– Зря ты проснулась, Вероника, – спокойно сказал впервые за месяцы совместной жизни одетый в верхнюю одежду Семён, – хотел уйти тихо, незаметно, чтобы ты не особенно расстраивалась. Мне пора домой, теперь можно. Не расстраивайся, тебе же было хорошо со мной. Теперь у тебя есть опыт интимной жизни. Ты замечательная женщина, даже слишком. С твоими внешними данными захомутать мужика – пара пустяков. Не грусти и прощай.
Человек, которого она считала супругом, вышел, не оборачиваясь, а Вероника растерянно хлопала ресницами, набухающими влагой, не в силах понять, что происходит.
Она ещё верила Семёну, надеялась, что он шутит, что сейчас развернётся, поднимет на руки, отнесёт в спальню…
Не развернулся, не поднял, не понёс. Исчез навсегда, унеся с собой сладкое счастье.
Спустя три недели Вероника обнаружила, что беременна.
Жизнь опять сделала крутой вираж, совместив радость материнства с потерей социальной ориентации.
Опять пришлось приспосабливаться, учиться жить ещё скромнее.
Если бы не Коленька, Вероника могла сойти с ума. Пережить потерю любимого было гораздо труднее, чем смерть родителей. Она повзрослела, стала сентиментальной, плаксивой и очень нервной.

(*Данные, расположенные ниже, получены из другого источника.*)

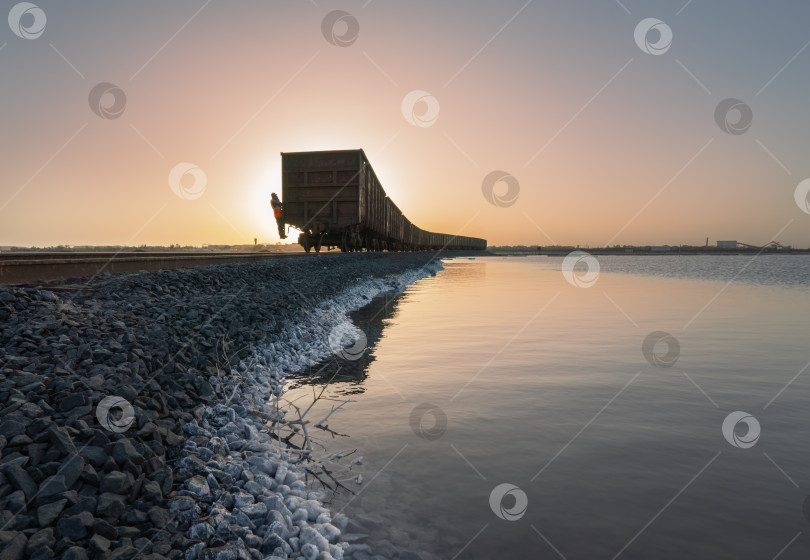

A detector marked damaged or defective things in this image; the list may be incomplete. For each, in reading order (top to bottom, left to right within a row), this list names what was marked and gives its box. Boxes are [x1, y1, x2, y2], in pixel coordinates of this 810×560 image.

rusty freight wagon [278, 150, 482, 253] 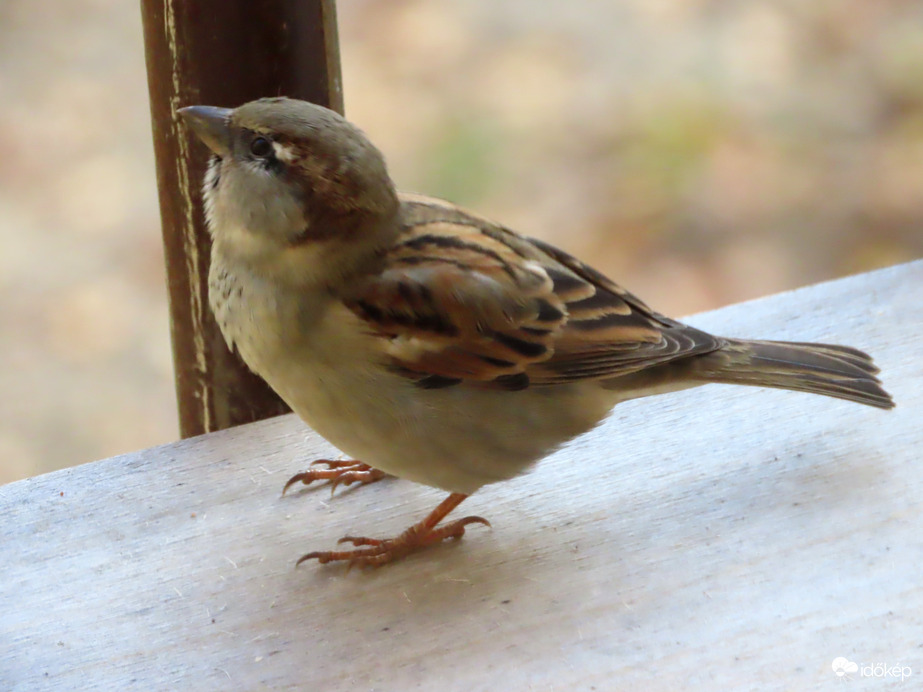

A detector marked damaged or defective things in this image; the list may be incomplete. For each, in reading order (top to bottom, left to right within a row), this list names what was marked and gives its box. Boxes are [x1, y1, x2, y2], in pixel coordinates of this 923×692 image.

rusty metal pole [141, 0, 346, 436]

Особенно сильно уязвимость и незащищённость девушка почувствовала в конце беременности, когда поняла, что помощи ждать неоткуда, а средств и сил, чтобы выжить самой и вырастить ребёнка, не было достаточно.
Отчаяние и душевная боль заставили сосредоточиться. Вероника выжила, приспособилась и в принципе была довольна жизнью.
Вот только Семён…
Его образ упрямо стоял перед глазами, а бренное тело тосковало по интимным ласкам. Он был первым мужчиной в её жизни.
Вероника научилась посылать молитву мирозданию с просьбой вразумить Семёна, рассказать, что у него растёт замечательный сын. Она всё ещё ждала своего удивительного мужчину, без которого жизнь потеряла смысл.
Женщина механически выполняла нескончаемую работу по дому, растила сына и чего-то ждала.
Она стала взрослой, но всё ещё верила в сказки.
– Нужно погулять с Коленькой, – подумала Вероника, – мальчику необходим свежий воздух. Не хочу, чтобы он вырос неженкой. Вот только ботиночки…
Даже с тёплым носком ноги ребёнка замерзали в них минут через двадцать, едва сын успевал разыграться. Увести его с площадки было непросто.
– Валеночки бы ему. Бог с ним, с праздничным угощением. У бога дней много, в следующий Новый год повезёт больше – куплю вкуснятины. Всё же, как было бы здорово встретить бой курантов с Семёном, а потом…
У Вероники сладко заныло во всём теле, до того чувствительно, что пригрезились его руки на животе, на груди.
Женщина усилием воли отогнала наваждение, принялась одевать сына. Хорошо хоть шубейка у малыша настоящая – цигейковая, и рукавички ручной вязки из домашней овечьей шерсти.
Накануне нового года темнело рано. Детей на площадке не было. Это и хорошо, никто не будет толкать Коленьку, отбирать лопатку. Если замёрзнут ножки, можно побегать. Правда шубейка длинновата, специально на вырост купила.
Вероника поиграла с сыном, но быстро устала.
В институте была секция любителей горнолыжного спорта, за городом база. Вероника тоже увлеклась слаломом. На беду на одном из спусков она неловко упала, повредила коленный сустав, теперь страдала от боли.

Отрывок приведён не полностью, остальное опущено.